MEXICO CITY, Jan 9 (Reuters) - Mexico’s economy should grow by more than 5 percent per year in the second half of President Enrique Pena Nieto’s 2012-2018 administration thanks to economic reforms, Finance Minister Luis Videgaray said on Thursday.
In 2013, Congress passed a series of measures aimed at lifting Mexican growth, which has lagged that of regional peers for years. The reforms stretched from the telecoms sector and tax changes to ending the country’s 75-year-old oil monopoly.
“We expect that once these reforms are applied we’ll get to the second part of President Enrique Pena Nieto’s administration growing consistently above five percent,” Videgaray told Mexican broadcaster Televisa in a wide-ranging interview.
Pena Nieto, 47, took office in December 2012 and is due to serve a single six-year term. The mid-point is December 2015.
The government has forecast growth of nearly four percent in 2014 after a sharp economic slowdown last year. Final data for 2013 have yet to be published, but analysts’ forecasts suggest Latin America’s no. 2 economy expanded about 1.3 percent.

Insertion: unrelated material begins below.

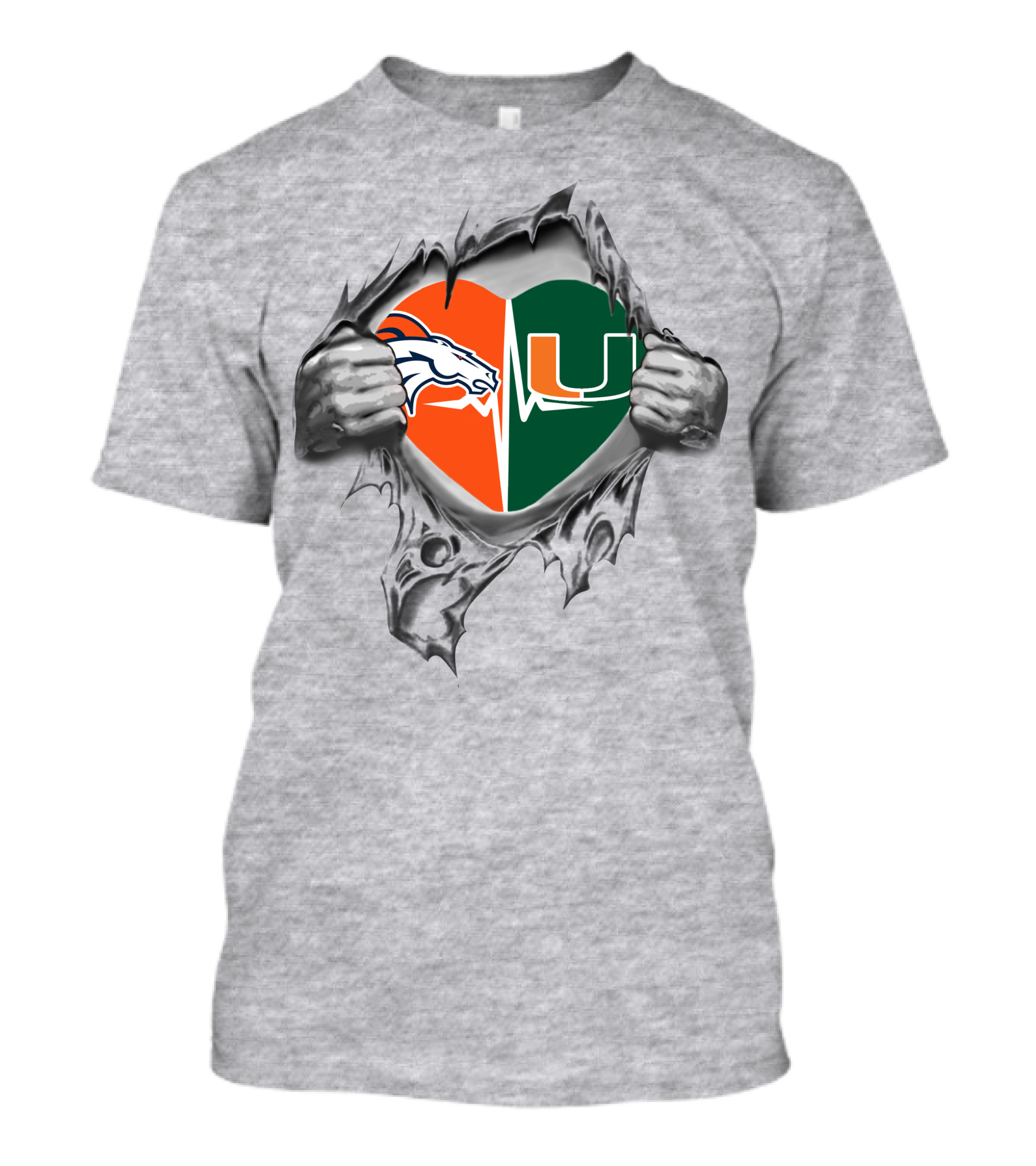 Broncos Hurricanes Heart Logo Fusion T-Shirt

Congress must still pass so-called secondary laws to implement the energy reform and the sweeping shake-up of the telecoms sector, which among other things aims to curb the power of billionaire Carlos Slim’s telephone giant America Movil .
Implementing the reforms is the “greatest challenge” now facing Mexico, central bank governor Agustin Carstens told newspaper El Financiero in an interview published on Thursday.
Videgaray was confident that consumers and small and medium-sized businesses would start to feel the benefits of the telecoms reform from 2015 in the form of lower mobile phone costs. “Without doubt, due to competition,” he said.
Turning to the energy reform, the finance minister said Mexico needed to find $20 billion to $30 billion in additional investment per annum for the energy sector.
“We hope it’ll come with the energy reform,” he said.